Information supplied: Begin

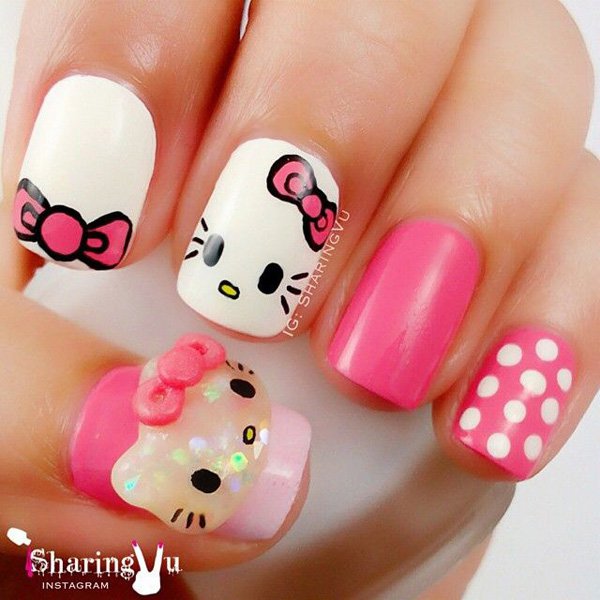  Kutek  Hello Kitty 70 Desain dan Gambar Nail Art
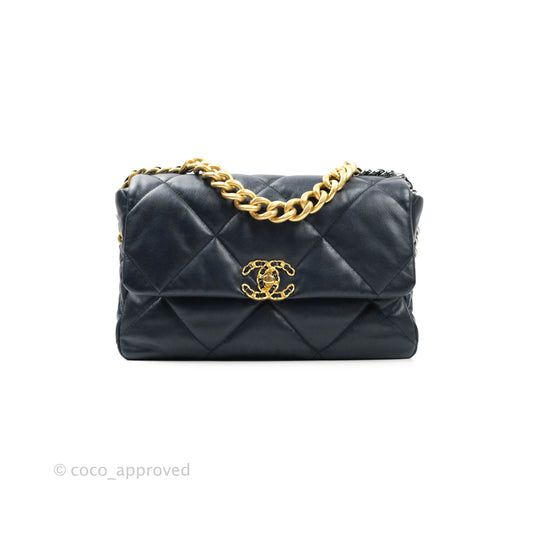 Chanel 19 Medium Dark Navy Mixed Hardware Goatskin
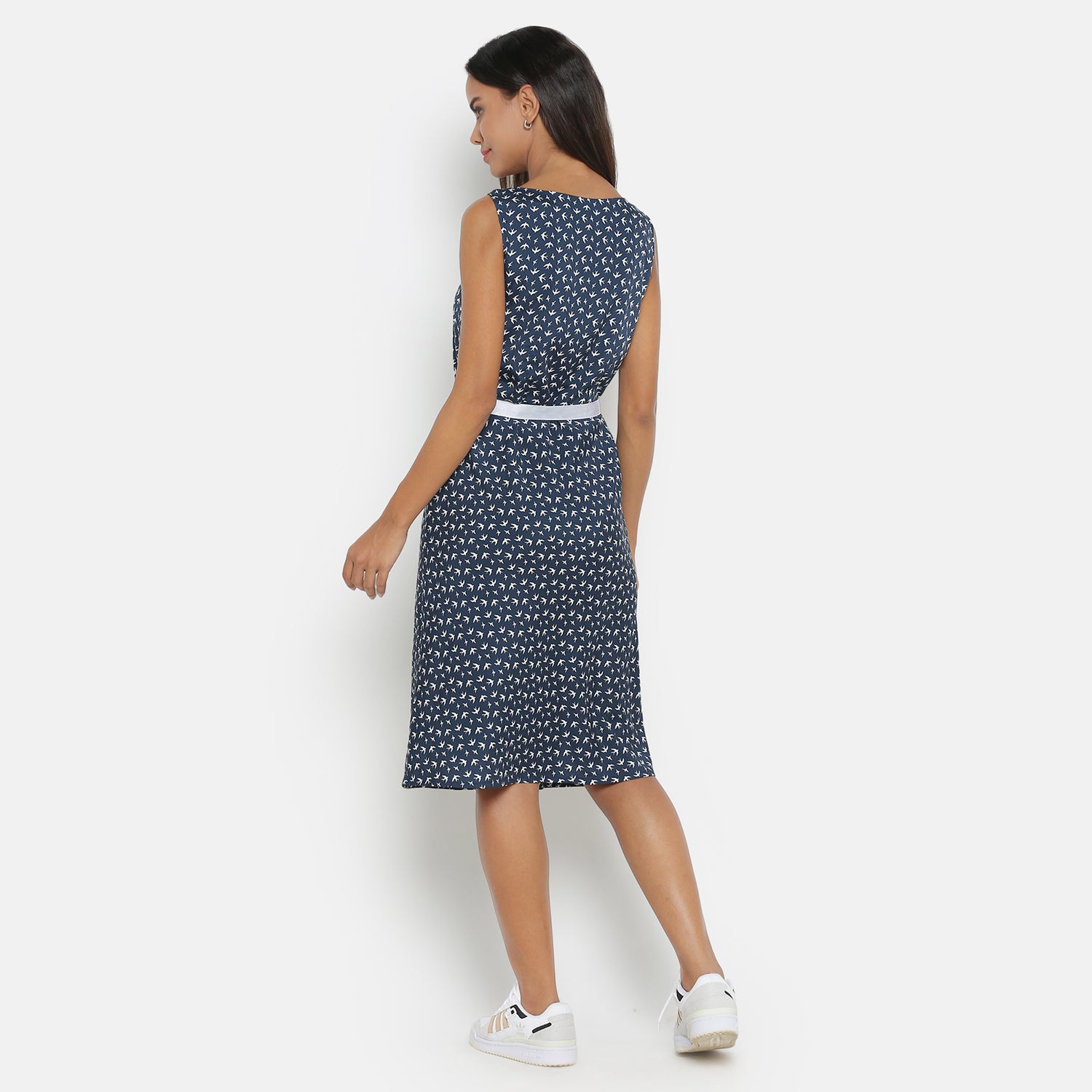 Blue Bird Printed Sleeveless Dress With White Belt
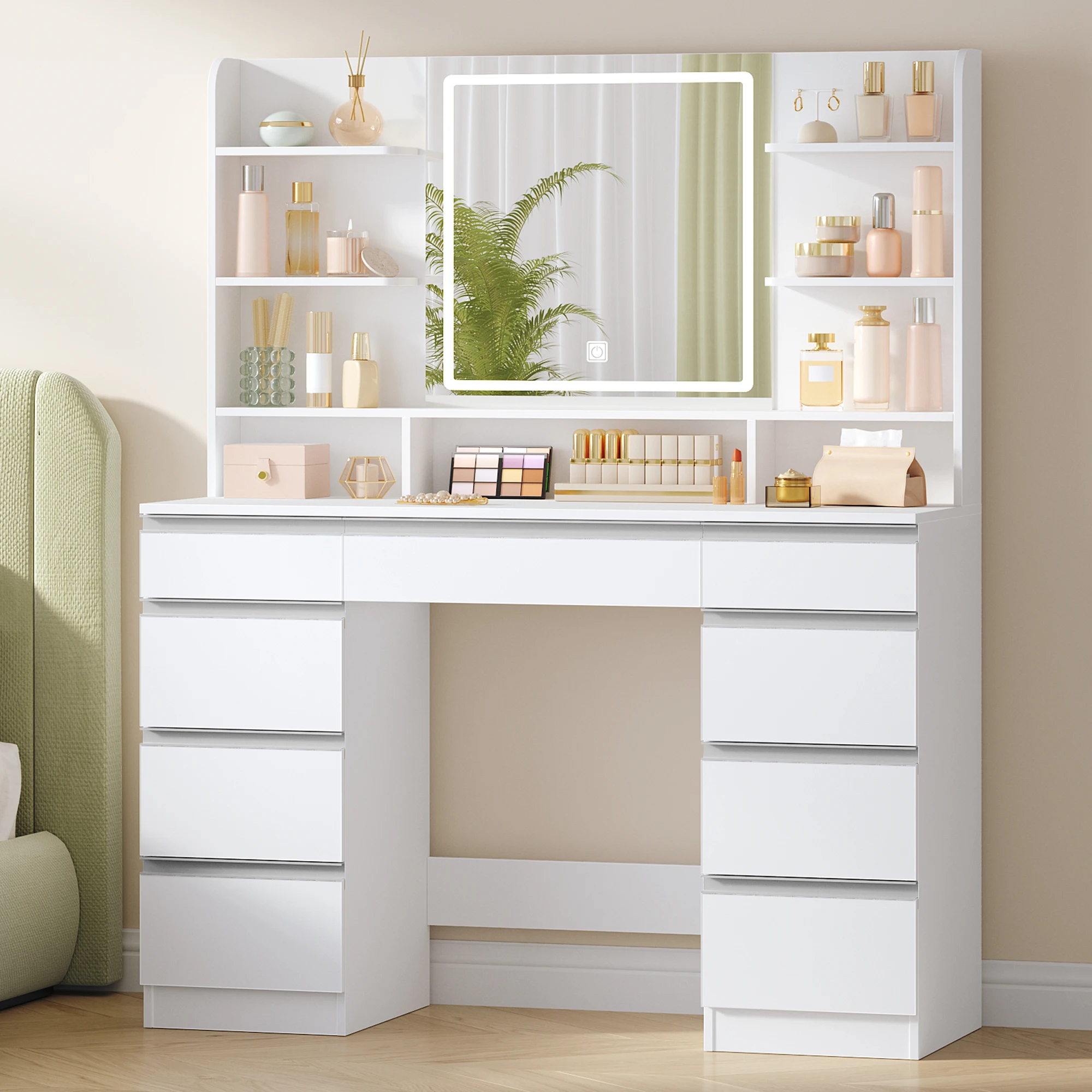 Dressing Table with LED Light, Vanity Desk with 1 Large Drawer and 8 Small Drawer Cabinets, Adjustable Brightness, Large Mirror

Information supplied: End

Assignment:
All lines from the line containing "Blue Bird Printed" through the end of the listing above are to be given again exactly; pictures are not part of the copy.

Finished exercise:
 Blue Bird Printed Sleeveless Dress With White Belt
 Dressing Table with LED Light, Vanity Desk with 1 Large Drawer and 8 Small Drawer Cabinets, Adjustable Brightness, Large Mirror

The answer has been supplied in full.